Untungnya, lebih banyak tokoh kita yang arif. Para tokoh dari kalangan Kristen dan Hindu keberatan karena menyadari betapa tidak sehatnya negara yang mendiskriminasikan warga berdasarkan agama. Para tokoh sekaliber Soekarno dan Hatta pun sepakat dengan keprihatinan tersebut, sehingga berusaha melawan kemauan egois sebagian golongan Islam agamis.

Hasilnya tercatat dengan tinta emas sejarah, yaitu digantinya Piagam Jakarta dengan Pancasila yang kita kenal sekarang. Bahkan, kata “mukaddimah” yang kearab-araban pun diganti dengan “pembukaan”.

Selanjutnya, dalam perjalanan mengisi kemerdekaan, kita bisa melihat kebijakan-kebijakan pemerintahan Soekarno-Hatta yang konsisten mengutamakan Bhinneka Tunggal Ika di atas kepentingan sempit golongan keagamaan. Misalnya, pemberontakan DI/TII yang hendak mengislamkan Indonesia diperangi dengan kekuatan militer penuh. KTP tidak mencantumkan kolom isian agama (selengkapnya bisa dilihat di sini). Serta agama tidak dijadikan pelajaran wajib di sekolah.

Sayangnya, sebagian golongan Islam agamis tetap ngotot. Persidangan Konstituante hasil Pemilu 1955 jadi molor karena deadlock. Voting berkali-kali diulang, padahal sudah jelas hasilnya selalu lebih banyak orang Indonesia mendukung Pancasila yang sekuler ketimbang yang mendukung syariat Islam.

Akibatnya, Presiden Soekarno terpaksa mengeluarkan dekrit, langkah awal membuatnya jadi diktator. Ia kemudian ditinggalkan oleh rekan-rekan seperjuangannya seperti Sutan Syahrir dan Hatta. Padahal jika sebagian golongan Islam agamis sedari awal mau meredam egonya, negara kita takkan mengalami masalah seperti itu.

Hingga kini, Pancasila tetap tak henti dirongrong oleh sebagian golongan Islam agamis. Lucunya, mereka menggunakan dua jalur. Jalur pertama adalah menuduh Pancasila sebagai nilai-nilai zionis, freemasonry, illuminati, atau semacamnya. Orang macam Abu Bakar Ba’asyir menyebut Pancasila sebagai barang haram yang tak boleh diikuti oleh orang Islam. Mereka juga menghujat lambang negara Garuda Pancasila, burung mitologi pagan yang tidak islami.

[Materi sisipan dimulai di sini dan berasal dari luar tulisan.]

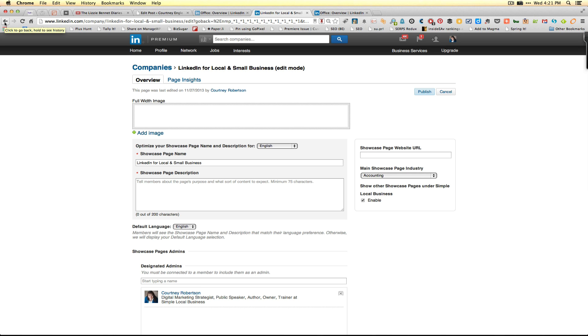Showcase pages are a great way to feature certain products. Get started creating yours if your business thinks that they can really use it.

Jalur kedua adalah berusaha membelokkan makna Pancasila. Mereka seenaknya mengartikan bahwa sila Ketuhanan Yang Maha Esa hanya identik dengan Islam. “Esa itu berarti satu, sehingga hanya cocok dengan Islam. Beda dengan Kristen yang berkonsep trinitas, atau Hindu yang berkonsep trimurti,” begitu alasan mereka. Karena itu, lanjut mereka, hanya Islam yang pantas diterapkan untuk mengatur hukum negara.

Mereka keliru mengartikan esa sebagai satu, padahal seharusnya bermakna manunggal. Esa beda dengan eka. Dan yang terutama, kata Ketuhanan dengan awalan ke- dan akhiran -an menunjukkan suatu konsep pluralis. Ketuhanan mengacu bukan hanya kepada konsep Tuhan versi Islam, tapi juga versi Kristen, versi Hindu, juga versi agama-agama tradisional.

Alasan lainnya adalah penggunaan kata-kata adil, adab, dan hikmat yang berasal dari bahasa Arab berarti Pancasila mengistimewakan Islam. Konyol sekali. Dengan argumen semacam itu, maka hampir semua kata lainnya yang berasal dari bahasa Melayu kuno berarti Hindu dan Buddha seharusnya lebih diistimewakan.

Berikutnya, mereka menuduh perubahan dari Piagam Jakarta ke Pancasila merupakan konspirasi pihak nasionalis sekuler. Yang ini ada benarnya. Tapi, itu semua demi kepentingan bangsa dan negara secara keseluruhan, yang tak seharusnya dikorbankan oleh kepentingan sempit golongan agama. Apalagi, Hatta sebagai pelaku utama perubahan tersebut dikenal sebagai sosok yang bersih dan tulus.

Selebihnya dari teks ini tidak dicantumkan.